Given is a Poisson process $(N_t)_{t \geq 0}$ with intensity $\lambda(t)$. I am interested in finding the distribution of the first arrival time $T$. I can use the fact that for any $t \geq 0$ it holds $T > t$ iff $N_t = 0$. By the definition of the process $N_t \sim Poi(\mu(t))$, where $\mu(t) = \int_0^t \lambda(z) dz$. I get
$$
\mathbb{P}[T > t] = \mathbb{P}[N_t = 0] = \exp(-\int_0^t \lambda(z)dz),
$$
and therefore the distribution is given by $\mathbb{P}[T \leq t] = 1 – \exp(-\int_0^t \lambda(z)dz)$.
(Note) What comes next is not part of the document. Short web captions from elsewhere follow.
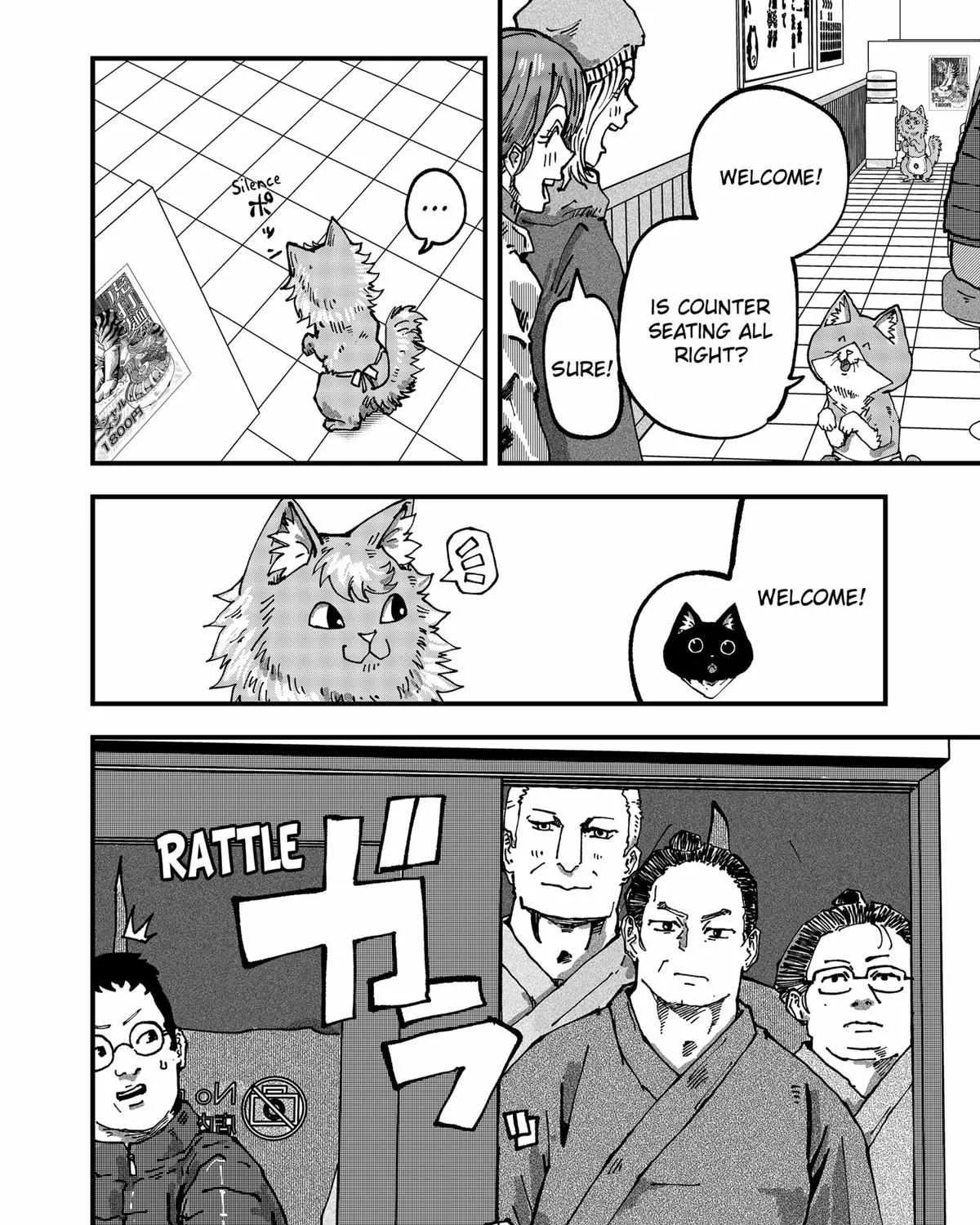 Ramen Aka Neko Chapter 47 page 15 - 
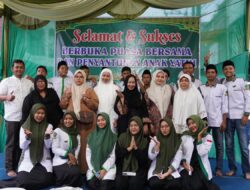 Sambut Nuzul Qur’an, Keluarga Besar Sarmen Siregar Berbagi Kasih dengan Anak Yatim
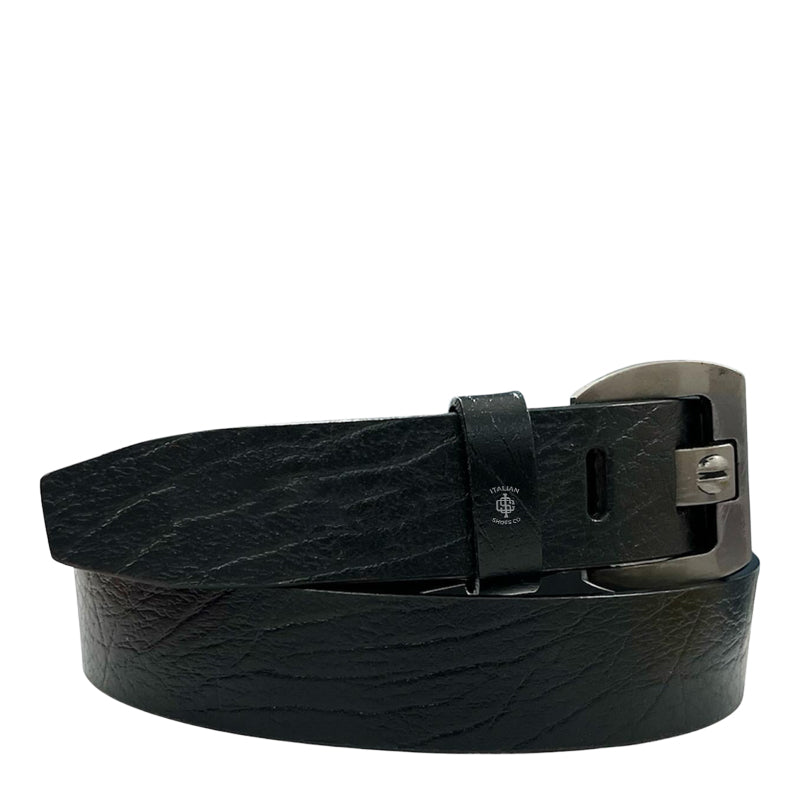 Pletorica Leather Belt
If I consider the intensity $\lambda(z) = \frac1{1+z^2}$, I can calculate
$$
\lim_{t \to \infty} \mathbb{P}[T \leq t] = 1 – \exp(-\int_0^\infty \lambda(z)dz) = 1 – \exp(-\frac\pi2) \neq 1,
$$
so $\mathbb{P}[T < \infty] < 1$. Have I done something wrong or is it simply possible that $T$ attains infinity with positive probability, so the process never jumps?
Best Answer
A homogeneous Poisson process with intensity $\lambda > 0$ almost surely has a finite first arrival time, since $$\lim_{t \to \infty} \Pr[T \le t] = \lim_{t \to \infty} 1 - e^{-\lambda t} = 1.$$
However, as you have observed, this is not the case for an inhomogeneous process, since the cumulative intensity (aka cumulative hazard) need not be an unbounded function of time. That is to say, if $$\Lambda(t) = \int_{z = 0}^t \lambda(z) \, dz$$ obeys $$\lim_{t \to \infty} \Lambda(t) < \infty,$$ then the first arrival time may not be finite.